The Mandela funeral caused there to be all kinds of news commentary on all of the aid the Bush administration was responsible for, for Africa, AIDS, this kind of thing. And the letter that he sent the football player from Alabama, the kicker. So they just are beside themselves over this. They don’t know what to do about it. So they’re sending out this clarion call everybody in the media, that it may be time to focus back on Bush and take him out again.

BREAK TRANSCRIPT

RUSH: By the way, folks, this Vanity Fair piece on Bush is really snarky. It’s as snarky as anything else ever was about Bush. But the comments by readers to the Vanity Fair piece are really positive. I’ll tell you, the media, it’s under the radar right now, but the media is livid about this.

BREAK TRANSCRIPT

RUSH: Okay, this Vanity Fair piece. Somebody sent me a story about the Vanity Fair piece instead of the Vanity Fair piece. But that was not noted. So I just logged on to Vanity Fair and read the piece. And they are frosted. They are livid. There are quotes in there back in 2005, for example, when it was learned that Bush used an iPod. What was Apple going to do to save the iPod now that Bush had tarnished it? Because Bush was so hated and so reviled, that using an Apple product would doom Apple, and so the story was asking: what’s Apple gonna do to try to save the iPod now?
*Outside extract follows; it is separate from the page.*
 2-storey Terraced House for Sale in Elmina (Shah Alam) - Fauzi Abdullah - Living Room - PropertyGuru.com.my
And there were other examples. There was an example of Bono. Bono knows full well that it is George W. Bush who was the impetus for more American aid to Africa, specifically for AIDS and other charities that Bono cares about, than anybody else, including the estimable Bill Clinton. And the Vanity Fair piece talks about how Bono knew that it would be very risky to pose for a picture with George Bush. And he and his band mate, the Edge from U2, discussed it at great length, whether or not to actually pose. And they eventually decided to bite the bullet and do it because Bono figured out that at the end of the day it would increase contribution, because Bush did have people who liked him, whereas other people thought nobody liked Bush.
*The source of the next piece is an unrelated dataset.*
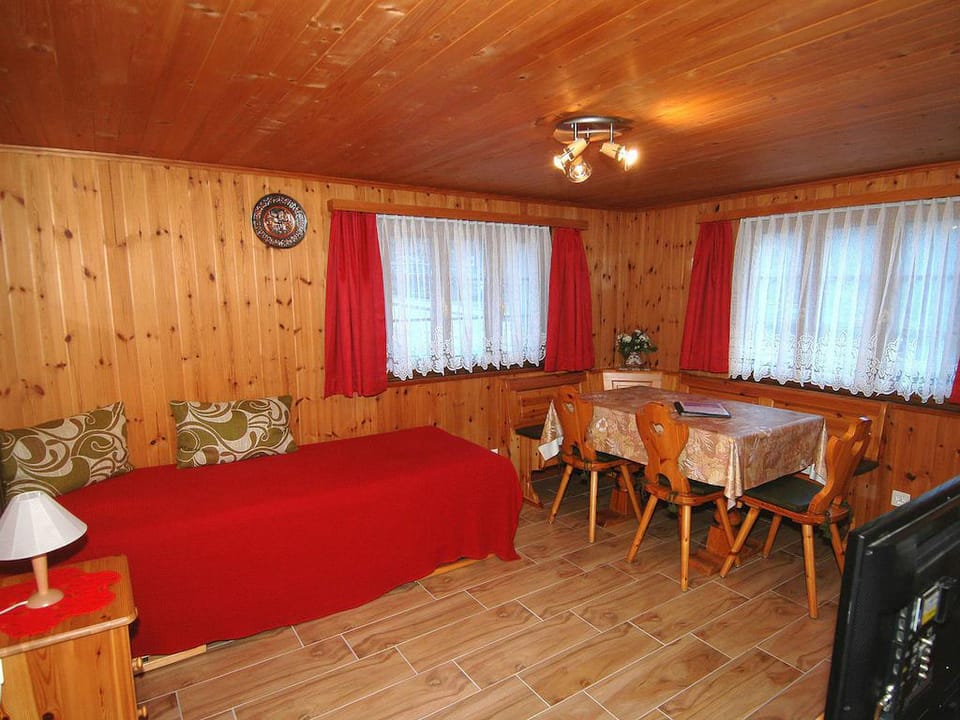 Glacier Views  Ski Trails Apartment in Canton of Valais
So those are just two examples. And in the process, the picture now of Bono with Bush at the Mandela funeral has caused young people to learn all that Bush did for charitable concerns and people with AIDS in Africa, and they said, “We never knew.” Of course they never knew because Bush is no different than Clarence Thomas or Sarah Palin or anybody else. Decent, God-fearing, wonderful people tarnished, feathered, and destroyed by the left for that very reason.
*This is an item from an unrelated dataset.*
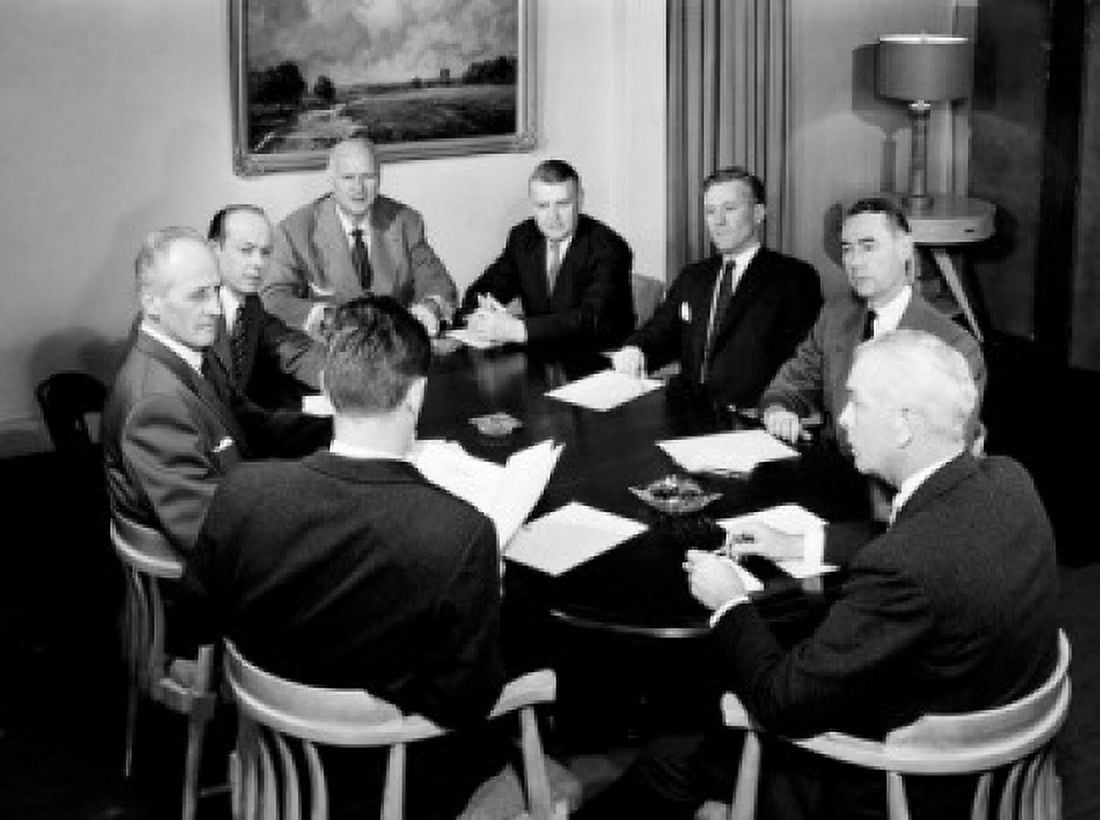 Business meeting Canvas Art - (18 x 24)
And then there are a couple of other things. Bush apparently likes to paint. His paintings are pretty average, but people like them. Apparently Bush likes cats, which hasn’t helped me, but apparently it’s helped Bush quite a lot. (interruption) Snerdley goes, “What you mean? His paintings are getting rave reviews.” That just goes to show you I don’t know paintings. I saw a couple of ’em. If the real art critics are praising Bush’s paintings, that’s all you need to know. What I think of ’em doesn’t matter. I don’t know. Bush paints himself in the bathtub, you know, sitting in the bathtub with his feet poking out of the water. That’s one painting, and there’s another one of him in the shower looking at himself in the mirror in the shower. Okay, cool, fine, whatever makes your boat float. Fine and dandy.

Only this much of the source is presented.